This time, let’s crawl the article on the official website of the National Health Commission.

First, the game between reptile and anti-crawl mechanism

I actually wrote about the various game processes between me and the anti-crawl mechanism in another blog, but I don’t know where I touched the CSDN audit mechanism, and the review failed. It’s just a bunch of failed crawler attempts, not much fun. Anyone really interested can talk to me in private.

Speaking truth, the health committee website than I imagined to climb more difficult, anti – climbing mechanism is really strong.

After numerous 412 errors, I found that the anti-crawl mechanism of this website has the following characteristics (personal experience, summary is not accurate or there are missing points welcome to add).

  1. The server authenticates cookies when processing network requests.
  2. The value of a Cookie changes dynamically, and the effective duration of a Cookie is only about tens of seconds.
  3. The Cookie will be changed when visiting different web pages, so the idea of using a Cookie to crawl multiple web pages is not valid by playing the time difference.
  4. The site checks to identify and restrict access to Selenium, and all you get with Selenium access is an empty interface.

This feature meant that THERE was no way for me to crawl the site in the normal way.

Obviously, the site’s Cookie is encrypted by JS, which contains at least 3 encrypted parameters.

To really crack the encryption algorithm, to achieve data crawling, theoretically is feasible, because the encryption process is completed in the browser, all the encryption code can be seen in the developer tools, so in theory, you only need to understand JS, spend some effort can be completed to crack. (But, it is not recommended to do so, if it is to hone the technology, you can do research in private, But if it is to write the crawler and write this, the input and output is actually a little out of proportion, not cost-effective.

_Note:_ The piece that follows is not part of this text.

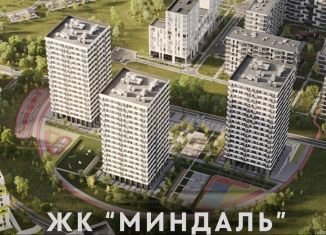 Продажа 3-комнатной квартиры, 80.1 м2, Симферополь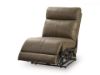 Picture of MAX-MEDIA POWER ARMLESS RECLINER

And crack the other site encryption algorithm, you are in the edge of the law to test ah!

In my helpless, a big guy recommended to me a “artifact”, successfully completed the climb, that is pyppeteer.

About this framework, I also do not say (mainly I am also new contact, understanding is not deep, detailed introduction you can go to the Internet to find understanding)

In short, the advanced Version of Selenium is more functional, more efficient, and easier to bypass anti-crawl detection.

In the spirit of trying, I installed the library and gave it a run.

import asyncio
from pyppeteer import launch

url = 'http://www.nhc.gov.cn/xcs/yqtb/list_gzbd.shtml'

async def fetchUrl(url) :
    browser = await launch({'headless': False.'dumpio':True.'autoClose':True})
    page = await browser.newPage()

    await page.goto(url)
    await asyncio.wait([page.waitForNavigation()])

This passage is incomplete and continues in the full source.